CCGC is a research group based in the Department of Geography ​at the University of Alabama

The University of Alabama is an institution founded on Choctaw and Creek land, as well as built and formerly maintained by the labor of enslaved black people. We acknowledge this past as part of our living present, as a way to engage with the many violences that often remain concealed in the places we work, live, and play.

Our collective is informed by scholarship from a wide array of allied fields spanning geography, politics, and the environmental humanities. We are principally organized around the framework of political ecology as a way to address important questions and problems in the fields of conservation, illegal wildlife trade, and natural resource management from a multi-species, more-than-human perspective.  

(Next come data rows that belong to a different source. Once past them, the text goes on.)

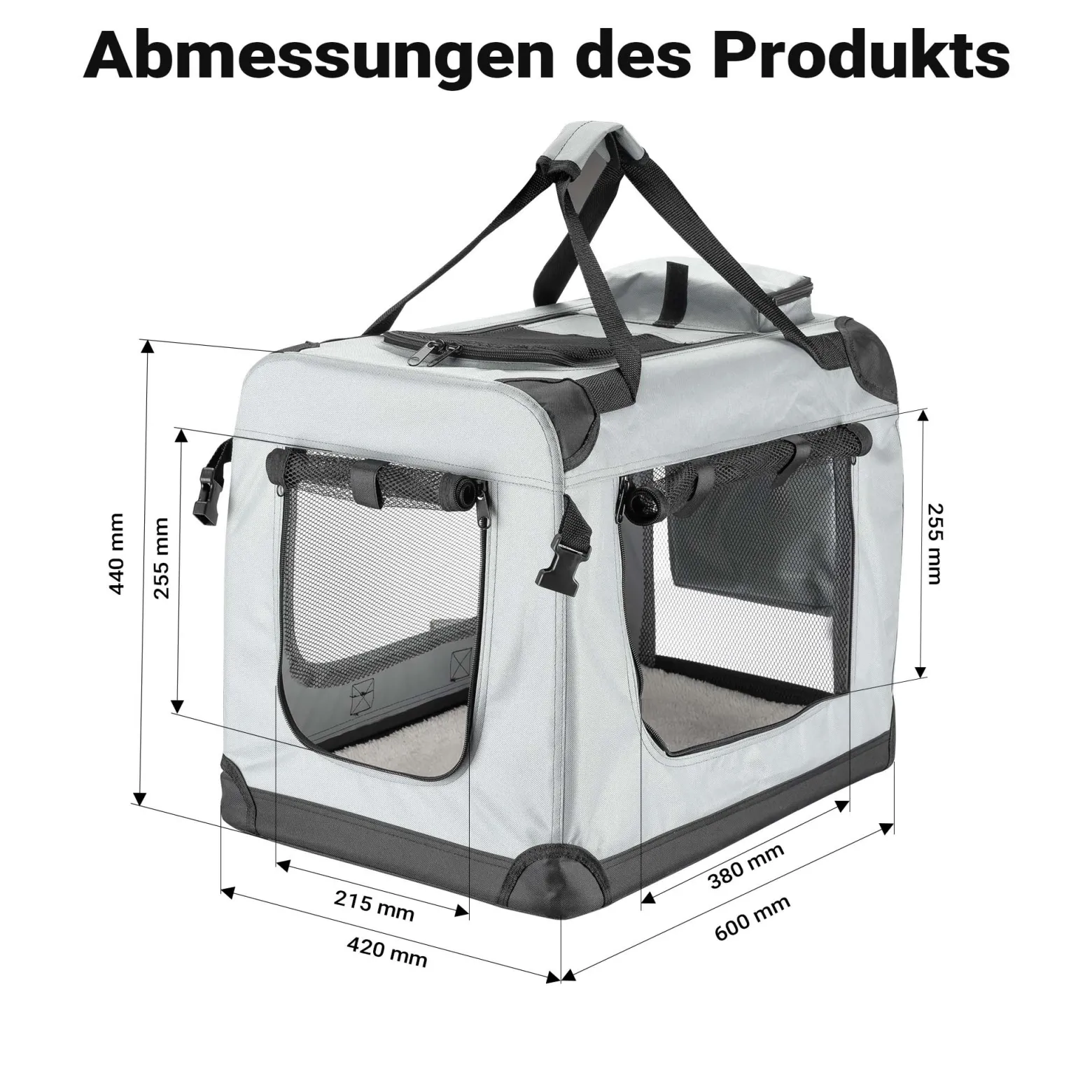 Fudajo Faltbare Transportbox für Hunde, Katzen M (60x42x44cm), robust, leicht, sicher, Hundebox mit Tragegriff und Decke, Grau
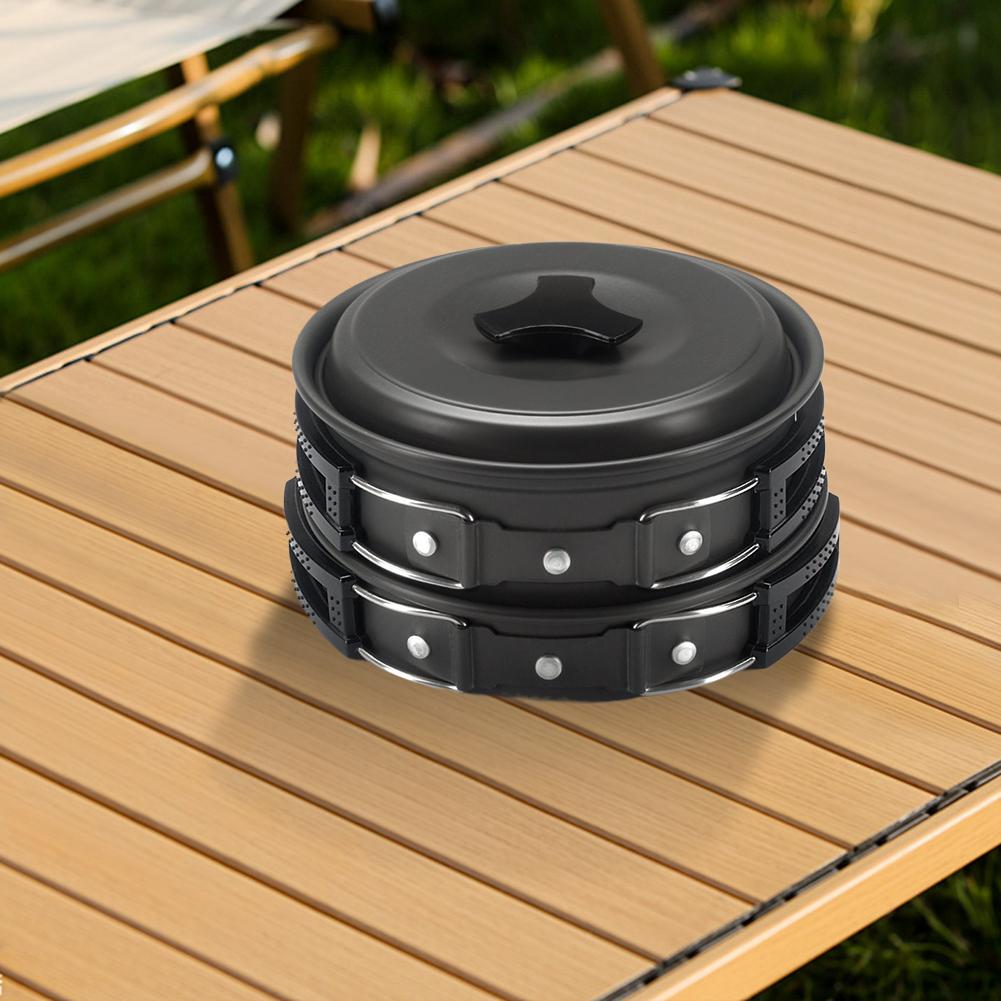 Camping Cookware Set 1-2 Person Outdoor Pot Tableware Kit Travel Cutlery Utensils for Camping Backpacking Outdoor Cooking Picnic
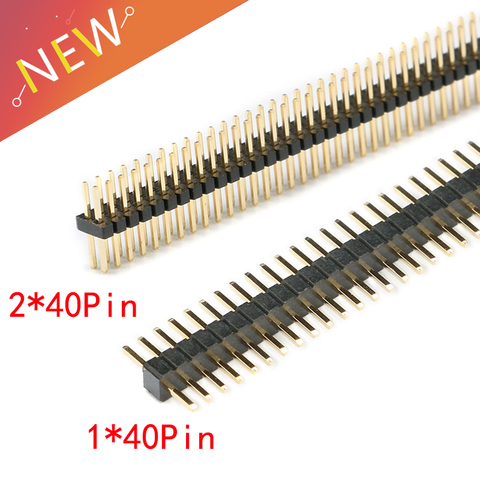 10 pcs/lot 1.27mm 1*40 2*40 broches en-tête mâle pitch mâle simple/Double rangée broche en-tête bande plaqué or cuivre connecteur ► Photo 1/6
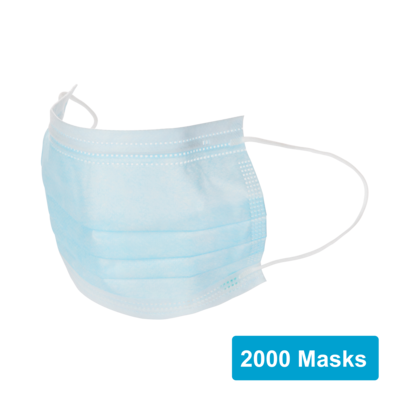 Disposable Earloop Face Mask, Blue, 2000/Carton (FIK0906U-CC)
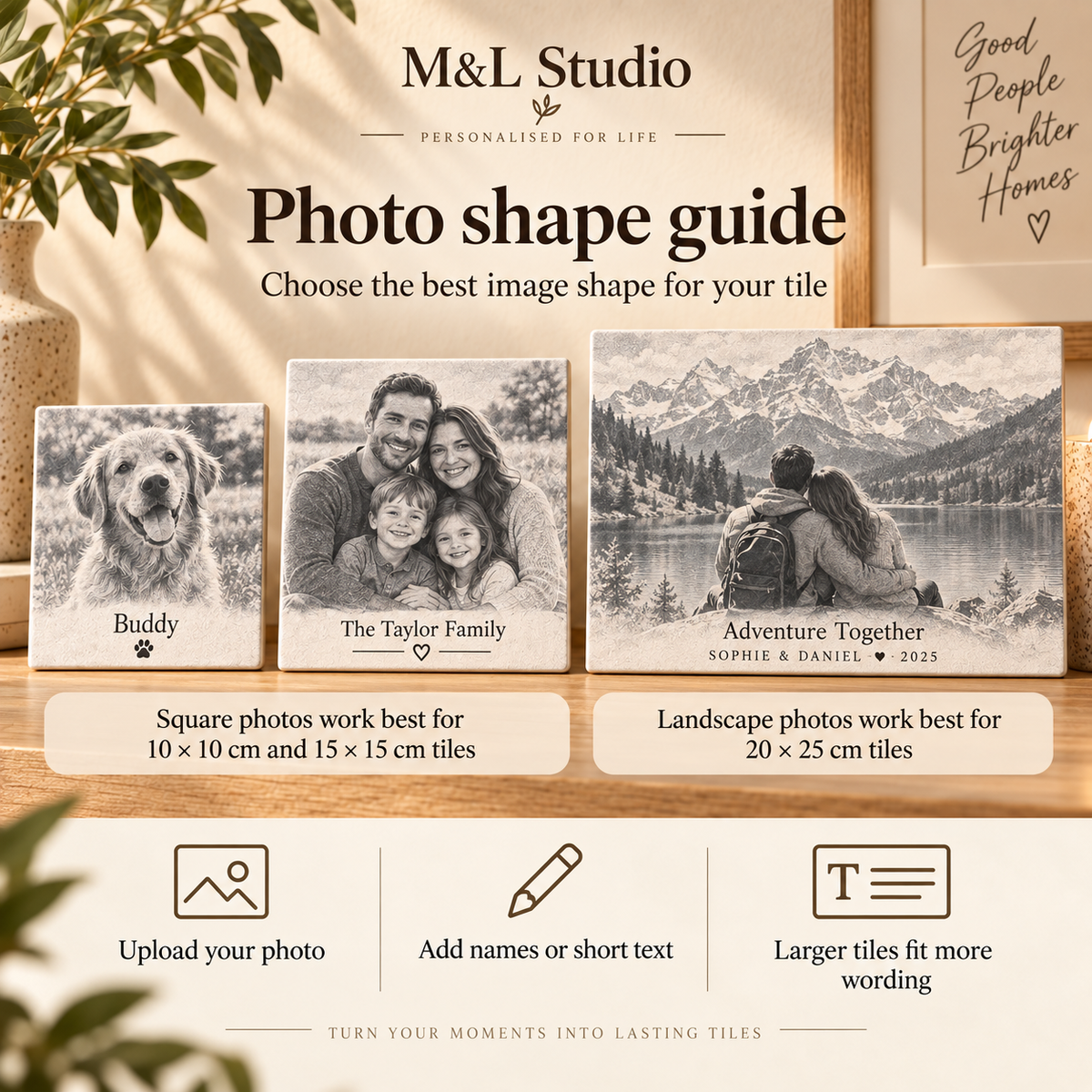Photo shape guide for square and rectangular personalised ceramic tiles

​With this in mind, we are a diverse group of scholars whose work is in conversation an array of environmentally-concerned disciplines. Our scholarship spans theoretical, empirical, and methodological foci, from the very applied to the theoretical.

Methodologically, we are a promiscuous group. We employ primarily (but not exclusively!) qualitative research methods ranging from ethnography and qualitative interviews and survey methods to visual methods such as photovoice and photo elicitation, all the way to methods in sonic geographies, soundscape recording, and more. We also collaborate with more quantitatively-trained researchers to develop innovative, mixed-methods approaches to research questions at a variety of scales from the local to global.

Empirically, the foci of CCGC to date cover species (re)introduction efforts, the political economy and politics of human-wildlife conflicts, illegal wildlife trade, contested river governance, more-than-human border studies, and experimental, multi-sensorial research methodologies.

Our collective is inspired to improve human-wildlife relations and inform more socially-just approaches to conserving life on Earth, inclusive of people, plants, and animals. 

Our mission is to produce scholarship and engage in scholarly praxis to advance a vision for, and greater capacity to bring about, conservation justice.